Why is sleep important? A good night’s sleep is incredibly important for your health. In fact, it’s just as important as eating healthy and exercising. Along with nutrition and exercise, good sleep is one of the pillars of great health. You simply cannot achieve optimal health without the super power of sleeping well. And like nutrition and exercise, there is no one-size-fits-all number for the hours of sleep each of us needs. The ideal number varies according to age, gender and lifestyle. But we do all feel so much better after a good night’s sleep. After nine hours of sleeping like a log, you can wake up feeling bright-eyed, bushy-tailed and ready to take on anything the day might throw at you. Unfortunately, there’s a lot that can interfere with natural sleep patterns. As busy as we are, it isn’t a surprise that sleep is usually the first pillar of the health foundation to be overlooked.
Sleep is important for various aspects of our health. In fact, sleep quality and duration can have a major effect on many health risks factors; brain function, mental health issues, immune system, the appearance of your skin, protecting against heart disease, your ability to interact socially, a loss of sleep can even increase one’s risk for obesity and weight gain.
How to sleep better is obviously upper most in our minds, with 76% of us feeling we don’t get enough sleep. People with medical conditions are more likely to suffer from poor sleep, according to The Sleep Council’s Great British Bedtime Report. It’s been estimated that 90% of people with depression complain about sleep quality. Getting a good night’s sleep can help to keep your immune system fighting fit and keep germs at bay. Sleep gives your body the time it needs to rest and repair, which is one of the reasons you feel tired and want to sleep more when you’re unwell. Sleep supports the proteins and cells of your immune system to detect and destroy any foreign invaders your body might come into contact with, like the common cold. it’s essential to allow yourself time to rest and recover when you’re not feeling well. Even a small loss of sleep has been shown to impair immune function.
A consistent loss of sleep can increase one’s risk for obesity and weight gain. That’s because lack of sleep influences the body’s hormonal responses, some of which are decreased insulin sensitivity. Good sleepers tend to eat fewer calories. So poor sleeping can affect your weight. So bad news for dieters.
What are the benefits to your brain, learning and creative power? And so what happens when you sleep? Well, sleep gives your brain a chance to sort things out. Scientists aren’t exactly sure what kinds of organizing your brain does while you sleep, but they think that this might be the time when the brain sorts and stores information and solves problems. Creativity can also be boosted overnight. How often do great ideas come to mind on waking up!

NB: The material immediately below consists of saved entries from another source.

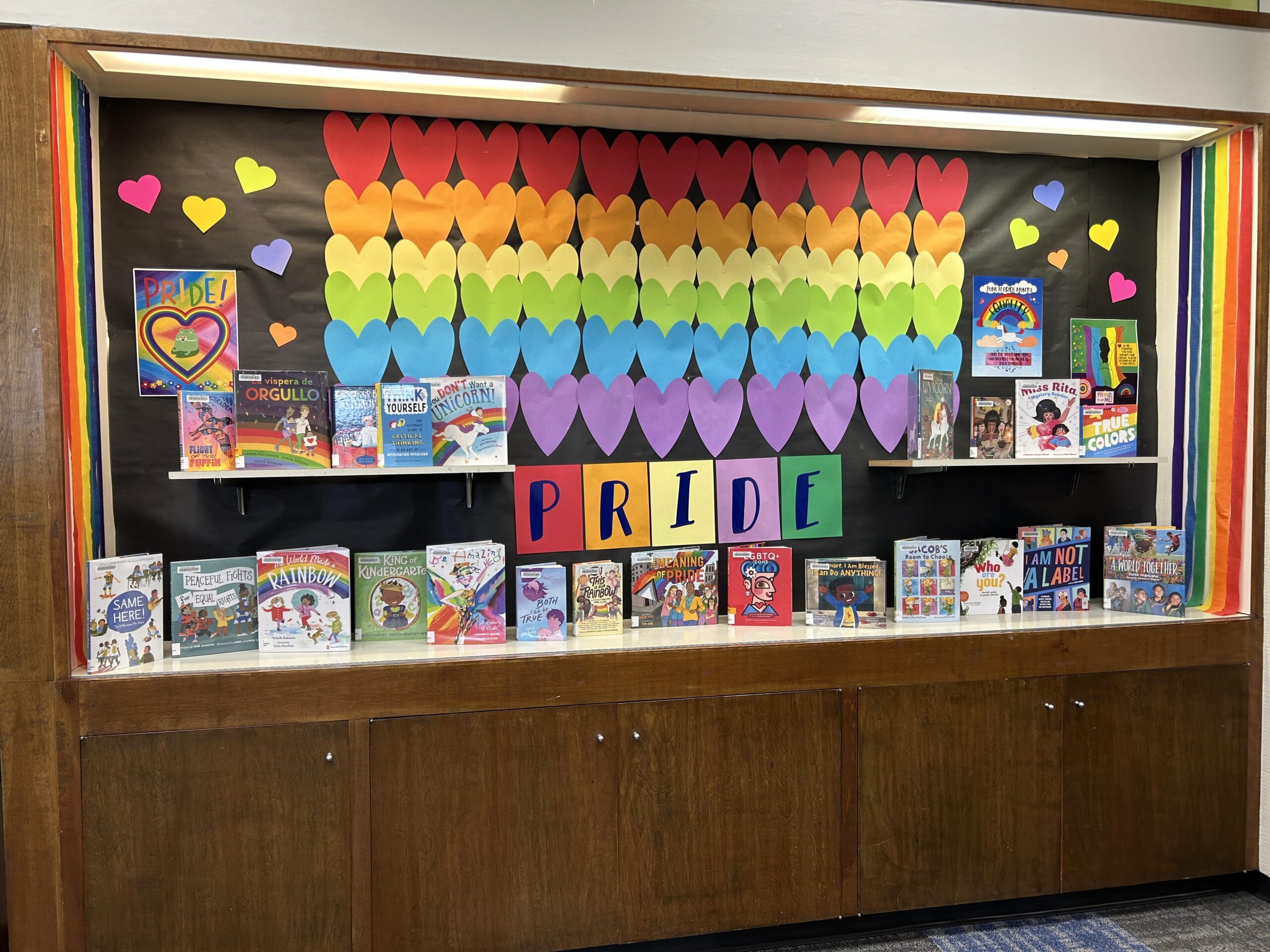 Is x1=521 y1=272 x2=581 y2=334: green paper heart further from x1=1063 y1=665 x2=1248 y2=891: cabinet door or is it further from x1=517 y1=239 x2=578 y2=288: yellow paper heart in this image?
x1=1063 y1=665 x2=1248 y2=891: cabinet door

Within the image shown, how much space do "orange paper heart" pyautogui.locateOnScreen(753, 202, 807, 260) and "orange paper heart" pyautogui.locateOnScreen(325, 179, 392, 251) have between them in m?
1.29

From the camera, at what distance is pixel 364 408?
2580 millimetres

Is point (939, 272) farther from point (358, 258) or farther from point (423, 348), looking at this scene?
point (358, 258)

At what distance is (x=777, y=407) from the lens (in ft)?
9.91

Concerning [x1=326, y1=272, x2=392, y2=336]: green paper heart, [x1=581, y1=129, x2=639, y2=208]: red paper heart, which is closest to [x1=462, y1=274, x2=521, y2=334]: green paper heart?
[x1=326, y1=272, x2=392, y2=336]: green paper heart

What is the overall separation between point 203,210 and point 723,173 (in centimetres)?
175

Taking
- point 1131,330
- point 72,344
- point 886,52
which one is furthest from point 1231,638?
point 72,344

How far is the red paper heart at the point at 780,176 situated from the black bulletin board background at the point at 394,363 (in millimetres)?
42

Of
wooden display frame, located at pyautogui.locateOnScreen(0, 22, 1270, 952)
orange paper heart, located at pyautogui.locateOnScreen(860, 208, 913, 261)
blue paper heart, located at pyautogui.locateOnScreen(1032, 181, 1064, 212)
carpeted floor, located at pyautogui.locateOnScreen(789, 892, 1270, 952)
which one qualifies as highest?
blue paper heart, located at pyautogui.locateOnScreen(1032, 181, 1064, 212)

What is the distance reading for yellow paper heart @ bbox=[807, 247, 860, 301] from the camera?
119 inches

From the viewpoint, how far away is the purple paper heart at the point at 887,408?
10.1 feet

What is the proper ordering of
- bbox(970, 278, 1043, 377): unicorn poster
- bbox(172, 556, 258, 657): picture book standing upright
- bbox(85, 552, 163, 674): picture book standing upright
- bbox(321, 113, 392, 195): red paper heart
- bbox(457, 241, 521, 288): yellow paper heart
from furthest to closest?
bbox(970, 278, 1043, 377): unicorn poster, bbox(457, 241, 521, 288): yellow paper heart, bbox(321, 113, 392, 195): red paper heart, bbox(172, 556, 258, 657): picture book standing upright, bbox(85, 552, 163, 674): picture book standing upright

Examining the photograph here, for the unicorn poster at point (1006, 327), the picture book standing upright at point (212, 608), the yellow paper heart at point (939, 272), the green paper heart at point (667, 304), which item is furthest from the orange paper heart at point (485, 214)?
the unicorn poster at point (1006, 327)

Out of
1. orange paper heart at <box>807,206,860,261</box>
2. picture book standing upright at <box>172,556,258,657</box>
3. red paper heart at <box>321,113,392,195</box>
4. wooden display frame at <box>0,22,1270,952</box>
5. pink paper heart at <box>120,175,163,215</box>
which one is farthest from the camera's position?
orange paper heart at <box>807,206,860,261</box> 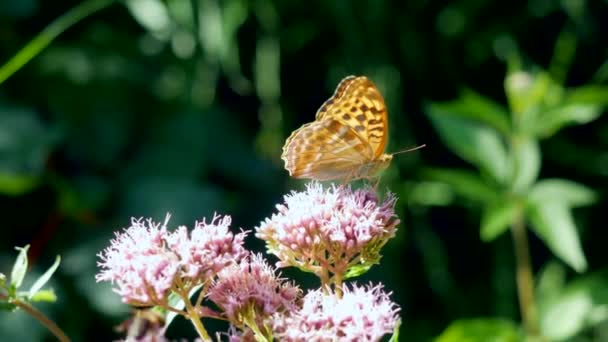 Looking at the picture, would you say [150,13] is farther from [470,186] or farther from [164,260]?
[164,260]

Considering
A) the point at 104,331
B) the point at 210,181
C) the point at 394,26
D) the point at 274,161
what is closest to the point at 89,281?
the point at 104,331

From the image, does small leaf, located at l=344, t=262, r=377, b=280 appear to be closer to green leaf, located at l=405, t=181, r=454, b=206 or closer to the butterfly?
the butterfly

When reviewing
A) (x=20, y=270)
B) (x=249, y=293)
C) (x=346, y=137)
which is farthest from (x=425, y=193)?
(x=20, y=270)

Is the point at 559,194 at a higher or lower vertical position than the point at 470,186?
lower

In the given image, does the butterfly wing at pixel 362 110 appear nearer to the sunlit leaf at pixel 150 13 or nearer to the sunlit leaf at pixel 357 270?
the sunlit leaf at pixel 357 270

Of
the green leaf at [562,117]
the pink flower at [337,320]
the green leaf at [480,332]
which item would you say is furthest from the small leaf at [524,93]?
the pink flower at [337,320]

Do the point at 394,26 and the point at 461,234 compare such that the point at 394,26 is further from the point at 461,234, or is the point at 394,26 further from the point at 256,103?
the point at 461,234

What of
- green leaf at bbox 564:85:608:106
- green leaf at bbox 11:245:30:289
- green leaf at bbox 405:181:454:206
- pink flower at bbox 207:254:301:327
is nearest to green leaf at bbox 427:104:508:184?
green leaf at bbox 564:85:608:106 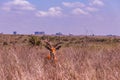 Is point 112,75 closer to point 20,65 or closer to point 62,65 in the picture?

A study in the journal Clinical and Experimental Dermatology found that people who slept seven to nine hours a night had skin that was more moisturized and that could protect and heal itself better compared to those who slept five hours or less. Your body boosts blood flow to the skin while you snooze, which means you wake to a healthy glow. When you skimp on your sleep your complexion can look drab, ashen and lifeless. So, you not only feel better after a good night’s sleep but look better too.
What else can impact sleep? Eating heavy meals late at night, alcohol and caffeine drinks like coffee can cause problems sleeping, so are best avoided, herbal teas can be help and most supermarkets and health stores carry a large selection of teas and natural remedies. Technology can affect sleep, like using phones and computers at night, so for an hour or so before bedtime, turn these off and never use these in bed.
Stress often causes poor sleep patterns. If you’ve got a lot on your mind and are struggling with your emotions, going over things in your head can often keep you awake at night. If you are up at night worrying, you might begin to see a change in your mood and a lack of sleep can leave you feeling low. This could then cause you to feel anxious and create more negative thoughts about not sleeping. This might keep you awake even longer and can turn into a vicious cycle of worry and poor sleep. Its hard to stop this happening so try talking about worries before bedtime or even get professional help.
Try to keep a consistent bedtime and wake up time as our body clocks thrive on routine. Having a set wake up time seven days a week is important, particularly when we are having problems sleeping.
We need bedtime to be positive and relaxing, so a warm bath, hot drink or reading a book is a simple and effective wind-down after a busy day. The website https://sleepcouncil.org.uk/ offers detailed advice for all sleep-related issues.
Remember sleep is a super power we all need to survive and strive and its free.